Beispiel: In Taylor Sheridans „Wind River“ sucht der Held Cory Lambert irgendwann seine Ex-Frau Wilma auf.
Wilma (schaut auf den Horizont, nicht auf Cory): Du bist wieder draußen.
Cory (schweigt einen Moment, dann leise): Ich geh dahin, wo die Spuren hinführen.
Wilma: Und wenn die Spuren wieder zu unserer Tür zurückführen?
Cory: Dann mach ich diesmal nicht den Fehler wegzusehen.
Abgründig
Wenn ein Dialog die dunkle Vergangenheit eines Protagonisten erahnen lässt, dann will der Zuschauer die Zusammenhänge wissen. Das schafft Spannung.

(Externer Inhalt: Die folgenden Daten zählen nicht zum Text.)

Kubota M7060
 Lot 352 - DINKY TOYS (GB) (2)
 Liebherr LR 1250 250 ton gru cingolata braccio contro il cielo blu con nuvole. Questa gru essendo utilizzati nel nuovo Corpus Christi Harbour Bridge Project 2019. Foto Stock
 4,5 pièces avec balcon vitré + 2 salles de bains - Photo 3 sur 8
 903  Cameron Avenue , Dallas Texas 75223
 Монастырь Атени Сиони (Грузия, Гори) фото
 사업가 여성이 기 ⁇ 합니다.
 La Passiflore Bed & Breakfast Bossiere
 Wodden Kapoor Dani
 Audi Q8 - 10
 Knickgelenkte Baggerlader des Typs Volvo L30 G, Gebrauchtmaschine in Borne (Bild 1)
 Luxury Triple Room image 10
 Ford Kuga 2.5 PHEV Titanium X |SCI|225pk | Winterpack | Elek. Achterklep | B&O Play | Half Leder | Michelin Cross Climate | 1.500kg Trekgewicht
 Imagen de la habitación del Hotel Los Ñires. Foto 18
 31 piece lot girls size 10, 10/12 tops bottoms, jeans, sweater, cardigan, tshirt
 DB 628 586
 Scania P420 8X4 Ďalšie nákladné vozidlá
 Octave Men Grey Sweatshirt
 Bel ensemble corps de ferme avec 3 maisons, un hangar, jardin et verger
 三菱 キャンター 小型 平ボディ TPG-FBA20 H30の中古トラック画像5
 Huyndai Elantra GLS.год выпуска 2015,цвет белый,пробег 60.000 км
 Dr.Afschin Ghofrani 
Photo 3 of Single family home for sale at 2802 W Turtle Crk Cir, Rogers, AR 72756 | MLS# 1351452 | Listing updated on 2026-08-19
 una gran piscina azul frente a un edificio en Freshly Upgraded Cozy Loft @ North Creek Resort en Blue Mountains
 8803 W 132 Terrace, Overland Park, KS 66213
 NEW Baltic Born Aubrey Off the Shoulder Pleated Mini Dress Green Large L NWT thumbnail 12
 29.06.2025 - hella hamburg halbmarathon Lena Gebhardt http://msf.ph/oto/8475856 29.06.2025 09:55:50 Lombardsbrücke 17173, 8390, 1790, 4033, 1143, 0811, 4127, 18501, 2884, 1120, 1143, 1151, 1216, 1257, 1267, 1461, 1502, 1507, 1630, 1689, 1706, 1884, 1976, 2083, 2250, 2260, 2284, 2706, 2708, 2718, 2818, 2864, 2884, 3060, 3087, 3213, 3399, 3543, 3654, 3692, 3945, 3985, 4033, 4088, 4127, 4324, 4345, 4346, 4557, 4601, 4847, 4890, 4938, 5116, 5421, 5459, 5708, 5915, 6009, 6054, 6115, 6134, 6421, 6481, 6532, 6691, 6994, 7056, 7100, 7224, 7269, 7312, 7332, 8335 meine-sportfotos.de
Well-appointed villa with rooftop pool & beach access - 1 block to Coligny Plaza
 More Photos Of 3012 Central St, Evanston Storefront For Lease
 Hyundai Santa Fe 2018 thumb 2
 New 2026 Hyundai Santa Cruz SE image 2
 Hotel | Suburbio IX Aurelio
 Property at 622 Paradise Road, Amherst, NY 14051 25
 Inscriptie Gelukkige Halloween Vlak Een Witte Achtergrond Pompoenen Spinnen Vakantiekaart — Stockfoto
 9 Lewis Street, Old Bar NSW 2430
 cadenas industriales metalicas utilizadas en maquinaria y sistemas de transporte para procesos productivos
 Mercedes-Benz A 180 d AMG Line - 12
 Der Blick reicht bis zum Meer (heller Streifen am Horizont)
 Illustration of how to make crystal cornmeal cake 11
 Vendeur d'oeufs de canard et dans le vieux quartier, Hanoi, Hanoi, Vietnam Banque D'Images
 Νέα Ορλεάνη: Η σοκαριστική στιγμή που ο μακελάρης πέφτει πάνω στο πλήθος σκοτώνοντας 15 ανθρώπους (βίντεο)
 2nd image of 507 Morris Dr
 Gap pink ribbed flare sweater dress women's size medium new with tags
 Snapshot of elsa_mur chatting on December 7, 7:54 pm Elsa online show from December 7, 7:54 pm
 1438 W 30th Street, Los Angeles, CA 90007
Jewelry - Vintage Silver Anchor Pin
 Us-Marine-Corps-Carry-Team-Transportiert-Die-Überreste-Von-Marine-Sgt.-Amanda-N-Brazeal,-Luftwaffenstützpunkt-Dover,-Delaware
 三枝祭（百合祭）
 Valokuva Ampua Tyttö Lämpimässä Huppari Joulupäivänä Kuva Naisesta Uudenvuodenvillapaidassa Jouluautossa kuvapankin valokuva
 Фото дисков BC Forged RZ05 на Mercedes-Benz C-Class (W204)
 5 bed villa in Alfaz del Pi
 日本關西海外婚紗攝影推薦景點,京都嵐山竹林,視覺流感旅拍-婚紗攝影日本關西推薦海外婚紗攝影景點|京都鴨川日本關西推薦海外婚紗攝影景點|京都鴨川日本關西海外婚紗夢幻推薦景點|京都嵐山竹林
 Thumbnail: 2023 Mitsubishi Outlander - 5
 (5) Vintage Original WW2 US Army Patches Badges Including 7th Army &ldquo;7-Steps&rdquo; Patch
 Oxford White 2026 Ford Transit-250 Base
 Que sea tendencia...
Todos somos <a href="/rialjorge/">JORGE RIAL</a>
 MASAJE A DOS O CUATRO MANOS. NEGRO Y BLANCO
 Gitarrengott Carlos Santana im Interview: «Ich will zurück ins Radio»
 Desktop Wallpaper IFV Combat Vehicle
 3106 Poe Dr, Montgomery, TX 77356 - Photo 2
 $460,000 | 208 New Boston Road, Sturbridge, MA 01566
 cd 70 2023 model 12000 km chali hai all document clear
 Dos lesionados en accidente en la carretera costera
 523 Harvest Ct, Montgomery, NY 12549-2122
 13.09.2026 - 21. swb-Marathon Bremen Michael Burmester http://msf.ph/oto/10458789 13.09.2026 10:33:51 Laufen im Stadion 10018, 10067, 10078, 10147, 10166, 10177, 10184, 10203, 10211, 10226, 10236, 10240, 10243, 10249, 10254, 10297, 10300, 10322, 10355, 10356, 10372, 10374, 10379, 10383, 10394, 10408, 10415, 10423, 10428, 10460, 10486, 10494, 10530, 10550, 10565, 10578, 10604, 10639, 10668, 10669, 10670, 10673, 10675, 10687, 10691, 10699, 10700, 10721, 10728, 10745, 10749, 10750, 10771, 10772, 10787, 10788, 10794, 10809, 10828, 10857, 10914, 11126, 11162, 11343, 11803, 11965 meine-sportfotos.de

Beispiel: In Roman Polanskis „Chinatown“ führt Detektiv Jake Gittes irgendwann ein Streitgespräch mit seiner Klientin Evelyn Mulray.
Jake: Ich lüge für Geld. Du lügst aus Angst. Was ist schlimmer?
Evelyn: Ich lüge, um zu überleben. Aber du, Jake … du belügst dich selbst, weil du denkst, du könntest irgendetwas retten, das längst verloren ist.
Anzüglich
Wenn ein Flirt zwischen Mann und Frau auf metaphorischer Ebene stattfindet, dann regt das die Phantasie an. Das schadet nie.
Beispiel: In Ernst Lubitschs „Ninotschka“ umgarnt Graf Léon die linientreue Kommunistin Ninotschka.
Léon (verbeugt sich leich): Nun, ich versichere Ihnen: Wenn ich erobere, dann stets mit größtem Respekt – und möglichst wenig Uniform.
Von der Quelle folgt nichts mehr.